Hey folks, Silver Bulletpoints is back after a short hiatus because of vacation and the debate — and this week, we’re splitting up the format into three short articles rather than three items contained in a single article. We’ve done it once before, and might even do it again. I also might be over the word count this week … but when Micah is on vacation …
Sen. Kamala Harris holds the lead in two new polls of California, her home state, although in both cases by narrow margins. That’s the good news for her. The bad news is that it’s not clear which state she could win before California. Here’s how she has fared in polls of the four early-voting states since the first Democratic debate (June 26 and 27):
- Iowa: Tied for 3rd, 2nd, 3rd
- New Hampshire: 5th, 2nd, 4th
- Nevada: No polls since the debate; the last poll before the debate had her 5th
- South Carolina: 3rd, 2nd
Yes, it’s early, she’s been on an upward trajectory, and she’s within the margin of error of the leader in some of these polls. Still, one problem with an approach like Harris’s of building a consensus path to victory is that the candidate isn’t necessarily the first choice of any one group of voters. And this can be a problem in states in which the demographics are idiosyncratic, as they are in all four early-voting states.

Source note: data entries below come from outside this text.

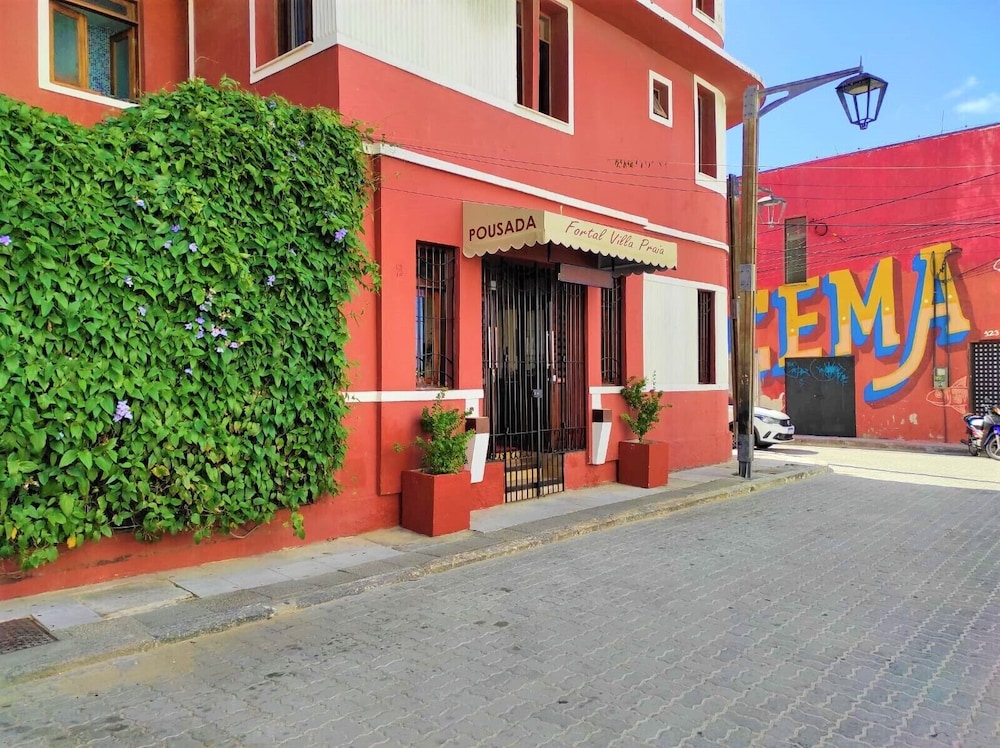 Pousada Iracema Villa Praia 64/67
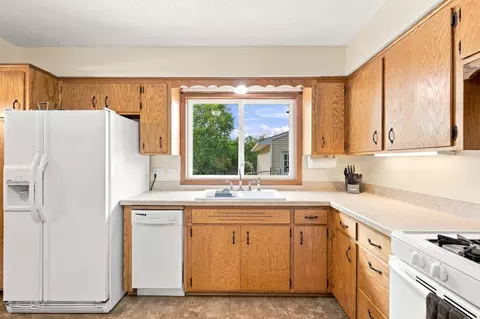 Kitchen - 2107 Shale Ln, Eagan, MN 55122 photo 2 of 3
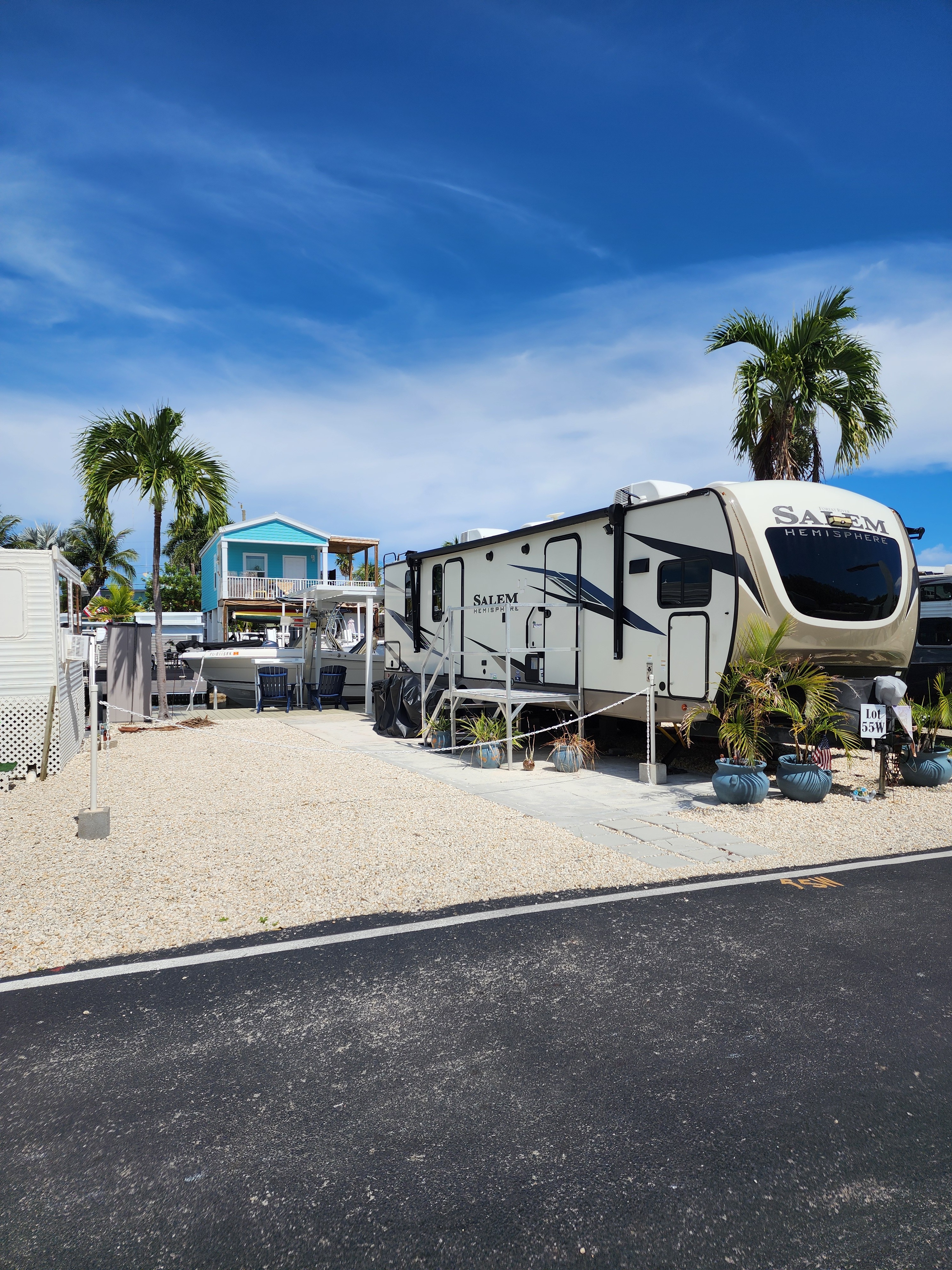 2022 Forest River SALEM HEMISPHERE 270FKS RV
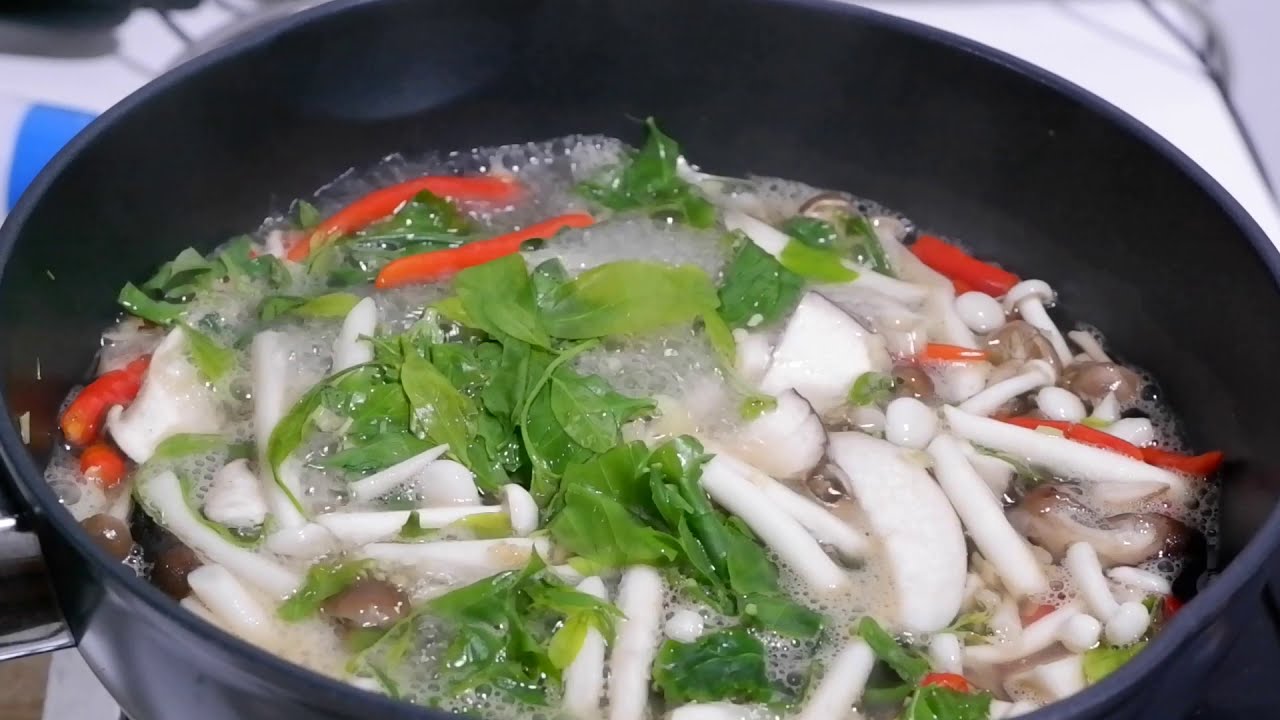 แกงเห็ดสามอย่างสูตรเร่งด่วนเพื่อคนรักสุขภาพเมนูง่ายฯใครก็ทำได้ส่วนผสมใต้คลิปนะจ๊ะ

The electorates in Iowa and New Hampshire, for example, are probably a bit more liberal than Harris would like, helping candidates such as Bernie Sanders and Elizabeth Warren instead. And while South Carolina’s large black population could help Harris, it still looks like Joe Biden’s state to lose, provided he does well enough among African Americans while cleaning up among relatively conservative white Democrats who are also plentiful in the electorate there. Nevada? Well, I don’t know, Nevada is weird. (I love you, Nevada.) You probably want a candidate who does well among Hispanics, who has a good organization and who has the backing of organized labor. That could be Harris, but unions are mostly taking their time to make any endorsements.
It’s true that finishing first doesn’t actually matter in terms of the Democrats’ delegate math. Unlike in the Republican primary, there are no winner-take-all states; instead, delegates are divided proportionately among candidates who receive at least 15 percent of the vote in a given state or congressional district. And Harris was at 15 percent or higher in several of the early-state polls I mentioned above, even though she didn’t lead in any of them.
Winning can matter, though, in terms of momentum, which mostly takes the form of favorable media coverage. Although the post-Iowa bounce has faded in recent years — just ask Ted Cruz how much good winning Iowa did him in New Hampshire — a candidate who came from behind to win an early state or who is otherwise seen as expectations-defying could still get a pretty big boost. And if voters are still choosing among several candidates — say, Harris and Warren — they might jump on the bandwagon of whoever has performed well in these early states. No candidate since Bill Clinton in 1992 has won a nomination while losing both Iowa and New Hampshire.
All of which is to say: Harris probably needs to start plotting out a media and expectations-management strategy now that allows her to remain viable even if she strikes out in the first four states. California and some of the other Super Tuesday states should be good states for her, by contrast, but she needs to get there and to remain above the 15 percent threshold first.